▸ **Task objective**:
Copy out, unchanged, every line from the start of the records to the line that contains "Breast Implant Revision", and stop there.

====== Entries shown

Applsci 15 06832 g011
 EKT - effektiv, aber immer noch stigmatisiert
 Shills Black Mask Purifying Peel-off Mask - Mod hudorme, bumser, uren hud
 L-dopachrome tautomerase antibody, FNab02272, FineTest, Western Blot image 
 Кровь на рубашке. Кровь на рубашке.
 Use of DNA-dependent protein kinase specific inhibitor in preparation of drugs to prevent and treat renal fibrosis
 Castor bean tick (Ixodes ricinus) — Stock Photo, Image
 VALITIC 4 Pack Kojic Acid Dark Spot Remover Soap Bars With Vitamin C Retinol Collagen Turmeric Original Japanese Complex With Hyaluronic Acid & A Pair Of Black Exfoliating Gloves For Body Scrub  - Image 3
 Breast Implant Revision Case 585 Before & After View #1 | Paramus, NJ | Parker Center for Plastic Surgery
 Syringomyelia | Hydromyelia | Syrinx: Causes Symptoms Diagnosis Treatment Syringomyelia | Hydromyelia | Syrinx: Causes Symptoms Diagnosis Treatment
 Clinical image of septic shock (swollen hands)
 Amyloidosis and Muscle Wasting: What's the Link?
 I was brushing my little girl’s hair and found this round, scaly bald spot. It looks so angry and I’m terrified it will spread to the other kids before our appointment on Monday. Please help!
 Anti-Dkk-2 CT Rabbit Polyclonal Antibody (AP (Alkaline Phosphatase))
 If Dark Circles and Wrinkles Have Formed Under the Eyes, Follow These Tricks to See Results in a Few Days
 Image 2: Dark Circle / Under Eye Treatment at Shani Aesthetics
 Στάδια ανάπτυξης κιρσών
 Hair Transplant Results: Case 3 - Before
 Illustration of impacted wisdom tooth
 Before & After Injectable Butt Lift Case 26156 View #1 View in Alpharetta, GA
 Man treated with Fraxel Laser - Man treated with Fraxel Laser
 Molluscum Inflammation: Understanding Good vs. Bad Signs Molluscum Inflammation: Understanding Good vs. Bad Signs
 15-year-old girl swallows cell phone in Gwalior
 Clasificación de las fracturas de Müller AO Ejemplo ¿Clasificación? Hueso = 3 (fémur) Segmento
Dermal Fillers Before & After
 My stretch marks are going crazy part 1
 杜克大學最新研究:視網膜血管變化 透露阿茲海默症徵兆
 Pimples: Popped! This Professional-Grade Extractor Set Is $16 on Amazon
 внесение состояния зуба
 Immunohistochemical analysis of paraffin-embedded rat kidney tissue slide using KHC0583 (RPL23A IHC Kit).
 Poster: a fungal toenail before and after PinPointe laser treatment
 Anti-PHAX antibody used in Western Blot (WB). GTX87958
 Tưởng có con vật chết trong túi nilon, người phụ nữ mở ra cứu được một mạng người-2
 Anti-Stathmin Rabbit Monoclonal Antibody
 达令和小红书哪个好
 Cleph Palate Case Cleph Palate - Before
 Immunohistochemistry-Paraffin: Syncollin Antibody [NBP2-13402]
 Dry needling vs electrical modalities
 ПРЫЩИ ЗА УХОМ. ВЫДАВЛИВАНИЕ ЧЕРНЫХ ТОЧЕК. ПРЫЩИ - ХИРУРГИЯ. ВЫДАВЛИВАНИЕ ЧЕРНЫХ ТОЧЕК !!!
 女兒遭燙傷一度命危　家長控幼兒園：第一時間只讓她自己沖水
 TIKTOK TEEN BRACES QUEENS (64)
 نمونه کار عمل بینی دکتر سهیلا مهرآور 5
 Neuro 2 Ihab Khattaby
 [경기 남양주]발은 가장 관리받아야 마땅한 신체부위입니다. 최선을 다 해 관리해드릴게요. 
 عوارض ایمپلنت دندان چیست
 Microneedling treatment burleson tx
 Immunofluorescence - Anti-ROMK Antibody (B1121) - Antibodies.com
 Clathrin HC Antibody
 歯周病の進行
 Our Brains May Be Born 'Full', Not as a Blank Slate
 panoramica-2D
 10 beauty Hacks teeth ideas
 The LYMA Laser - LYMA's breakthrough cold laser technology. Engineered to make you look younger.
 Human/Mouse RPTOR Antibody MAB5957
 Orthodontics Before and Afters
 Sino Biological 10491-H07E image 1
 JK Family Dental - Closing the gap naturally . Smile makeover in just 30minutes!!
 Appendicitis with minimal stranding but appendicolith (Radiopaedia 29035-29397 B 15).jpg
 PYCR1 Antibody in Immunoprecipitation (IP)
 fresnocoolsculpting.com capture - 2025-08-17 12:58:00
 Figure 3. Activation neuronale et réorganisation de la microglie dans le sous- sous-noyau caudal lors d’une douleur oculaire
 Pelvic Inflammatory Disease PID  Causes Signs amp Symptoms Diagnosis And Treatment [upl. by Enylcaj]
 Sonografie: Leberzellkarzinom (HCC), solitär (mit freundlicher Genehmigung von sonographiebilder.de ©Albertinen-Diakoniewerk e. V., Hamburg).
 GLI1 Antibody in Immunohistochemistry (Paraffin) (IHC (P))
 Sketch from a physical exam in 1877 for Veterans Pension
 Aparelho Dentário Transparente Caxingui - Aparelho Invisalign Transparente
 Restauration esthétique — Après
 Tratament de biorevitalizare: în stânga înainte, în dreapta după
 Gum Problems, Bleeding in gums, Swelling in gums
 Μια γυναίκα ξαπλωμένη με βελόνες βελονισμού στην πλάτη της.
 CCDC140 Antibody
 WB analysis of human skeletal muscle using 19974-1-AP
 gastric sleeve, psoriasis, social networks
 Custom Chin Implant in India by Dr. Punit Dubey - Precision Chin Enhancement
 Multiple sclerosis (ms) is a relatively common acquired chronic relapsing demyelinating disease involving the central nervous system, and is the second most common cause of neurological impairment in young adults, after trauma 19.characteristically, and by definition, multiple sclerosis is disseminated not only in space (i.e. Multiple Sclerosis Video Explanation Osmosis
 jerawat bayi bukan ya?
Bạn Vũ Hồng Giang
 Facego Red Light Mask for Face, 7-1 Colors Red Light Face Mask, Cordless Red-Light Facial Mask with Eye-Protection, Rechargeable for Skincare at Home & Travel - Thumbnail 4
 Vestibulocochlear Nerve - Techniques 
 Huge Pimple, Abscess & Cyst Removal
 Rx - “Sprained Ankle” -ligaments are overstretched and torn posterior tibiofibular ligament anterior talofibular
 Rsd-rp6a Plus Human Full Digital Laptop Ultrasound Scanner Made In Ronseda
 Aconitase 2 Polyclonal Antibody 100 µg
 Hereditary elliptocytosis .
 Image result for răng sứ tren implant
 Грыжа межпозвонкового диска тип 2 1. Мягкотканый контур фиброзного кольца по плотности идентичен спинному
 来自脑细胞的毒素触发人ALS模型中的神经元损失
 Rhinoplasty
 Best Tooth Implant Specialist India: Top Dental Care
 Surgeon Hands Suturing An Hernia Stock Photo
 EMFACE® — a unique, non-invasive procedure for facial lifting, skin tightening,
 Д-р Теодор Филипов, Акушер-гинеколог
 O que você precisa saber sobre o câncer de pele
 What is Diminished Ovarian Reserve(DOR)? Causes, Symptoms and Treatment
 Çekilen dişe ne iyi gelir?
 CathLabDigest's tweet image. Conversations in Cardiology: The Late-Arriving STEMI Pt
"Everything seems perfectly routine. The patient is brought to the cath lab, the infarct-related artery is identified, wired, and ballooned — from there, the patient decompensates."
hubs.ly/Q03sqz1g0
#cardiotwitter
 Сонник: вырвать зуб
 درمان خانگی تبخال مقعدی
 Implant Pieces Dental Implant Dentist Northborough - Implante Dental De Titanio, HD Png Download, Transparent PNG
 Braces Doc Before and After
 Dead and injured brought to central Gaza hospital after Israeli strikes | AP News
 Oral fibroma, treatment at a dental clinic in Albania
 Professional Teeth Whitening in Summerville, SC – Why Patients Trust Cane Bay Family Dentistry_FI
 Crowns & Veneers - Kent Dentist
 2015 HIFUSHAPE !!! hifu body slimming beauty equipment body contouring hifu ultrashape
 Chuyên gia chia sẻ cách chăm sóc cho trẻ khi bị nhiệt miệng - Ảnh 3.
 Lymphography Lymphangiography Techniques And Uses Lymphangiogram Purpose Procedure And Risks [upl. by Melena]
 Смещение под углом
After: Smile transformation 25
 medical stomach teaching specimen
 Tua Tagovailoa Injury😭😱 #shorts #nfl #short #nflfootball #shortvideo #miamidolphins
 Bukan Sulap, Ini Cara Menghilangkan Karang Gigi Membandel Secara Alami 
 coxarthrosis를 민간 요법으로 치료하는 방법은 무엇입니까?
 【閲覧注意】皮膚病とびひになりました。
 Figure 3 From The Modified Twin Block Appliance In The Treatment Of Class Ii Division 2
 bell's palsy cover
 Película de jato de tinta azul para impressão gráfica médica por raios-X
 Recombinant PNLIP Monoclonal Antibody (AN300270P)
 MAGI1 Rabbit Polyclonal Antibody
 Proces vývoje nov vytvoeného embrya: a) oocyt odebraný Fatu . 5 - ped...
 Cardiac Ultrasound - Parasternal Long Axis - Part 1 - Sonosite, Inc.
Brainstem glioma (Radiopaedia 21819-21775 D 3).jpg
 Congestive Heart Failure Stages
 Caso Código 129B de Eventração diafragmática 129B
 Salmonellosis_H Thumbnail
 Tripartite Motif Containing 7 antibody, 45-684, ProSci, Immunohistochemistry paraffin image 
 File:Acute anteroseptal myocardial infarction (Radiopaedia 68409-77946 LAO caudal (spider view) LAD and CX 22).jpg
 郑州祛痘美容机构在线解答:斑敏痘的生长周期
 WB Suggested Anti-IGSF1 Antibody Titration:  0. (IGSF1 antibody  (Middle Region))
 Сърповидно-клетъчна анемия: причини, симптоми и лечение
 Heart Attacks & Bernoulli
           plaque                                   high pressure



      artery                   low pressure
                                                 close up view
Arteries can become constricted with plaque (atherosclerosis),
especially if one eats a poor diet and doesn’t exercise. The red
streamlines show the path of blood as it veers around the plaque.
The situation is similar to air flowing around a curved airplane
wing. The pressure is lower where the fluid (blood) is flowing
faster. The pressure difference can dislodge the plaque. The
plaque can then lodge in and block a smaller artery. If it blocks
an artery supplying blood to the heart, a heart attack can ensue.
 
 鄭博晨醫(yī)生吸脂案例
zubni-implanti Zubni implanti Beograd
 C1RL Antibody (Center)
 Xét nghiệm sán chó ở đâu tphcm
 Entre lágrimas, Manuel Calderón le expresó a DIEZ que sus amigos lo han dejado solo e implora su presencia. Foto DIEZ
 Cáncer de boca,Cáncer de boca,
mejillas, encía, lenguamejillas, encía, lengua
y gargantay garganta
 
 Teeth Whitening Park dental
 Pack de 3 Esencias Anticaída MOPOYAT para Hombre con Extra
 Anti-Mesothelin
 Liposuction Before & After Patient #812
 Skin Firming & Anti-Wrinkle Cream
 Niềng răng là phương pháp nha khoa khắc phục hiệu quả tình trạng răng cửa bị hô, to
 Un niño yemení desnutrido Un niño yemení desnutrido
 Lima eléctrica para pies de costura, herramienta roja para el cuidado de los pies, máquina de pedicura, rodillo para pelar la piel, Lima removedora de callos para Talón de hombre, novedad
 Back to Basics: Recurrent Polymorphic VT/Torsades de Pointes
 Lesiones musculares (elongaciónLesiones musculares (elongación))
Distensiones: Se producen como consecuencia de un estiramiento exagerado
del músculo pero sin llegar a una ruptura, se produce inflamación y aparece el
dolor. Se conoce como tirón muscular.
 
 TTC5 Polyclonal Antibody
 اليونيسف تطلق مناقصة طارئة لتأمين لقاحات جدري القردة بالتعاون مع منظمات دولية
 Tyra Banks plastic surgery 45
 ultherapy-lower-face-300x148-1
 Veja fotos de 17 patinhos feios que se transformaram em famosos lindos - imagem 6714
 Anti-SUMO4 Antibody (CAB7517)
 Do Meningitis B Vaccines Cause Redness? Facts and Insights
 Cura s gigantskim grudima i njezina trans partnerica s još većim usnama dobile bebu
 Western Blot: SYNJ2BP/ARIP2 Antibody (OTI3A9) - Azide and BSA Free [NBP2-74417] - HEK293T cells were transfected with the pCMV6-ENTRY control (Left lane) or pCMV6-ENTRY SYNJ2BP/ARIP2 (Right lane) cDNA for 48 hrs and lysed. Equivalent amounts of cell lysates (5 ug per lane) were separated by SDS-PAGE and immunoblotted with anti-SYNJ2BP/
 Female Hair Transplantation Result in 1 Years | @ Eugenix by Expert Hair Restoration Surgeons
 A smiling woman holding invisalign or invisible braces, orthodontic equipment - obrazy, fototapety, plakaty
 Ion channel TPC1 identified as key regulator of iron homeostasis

============

▸ **Problem solution**:
Applsci 15 06832 g011
 EKT - effektiv, aber immer noch stigmatisiert
 Shills Black Mask Purifying Peel-off Mask - Mod hudorme, bumser, uren hud
 L-dopachrome tautomerase antibody, FNab02272, FineTest, Western Blot image 
 Кровь на рубашке. Кровь на рубашке.
 Use of DNA-dependent protein kinase specific inhibitor in preparation of drugs to prevent and treat renal fibrosis
 Castor bean tick (Ixodes ricinus) — Stock Photo, Image
 VALITIC 4 Pack Kojic Acid Dark Spot Remover Soap Bars With Vitamin C Retinol Collagen Turmeric Original Japanese Complex With Hyaluronic Acid & A Pair Of Black Exfoliating Gloves For Body Scrub  - Image 3
 Breast Implant Revision Case 585 Before & After View #1 | Paramus, NJ | Parker Center for Plastic Surgery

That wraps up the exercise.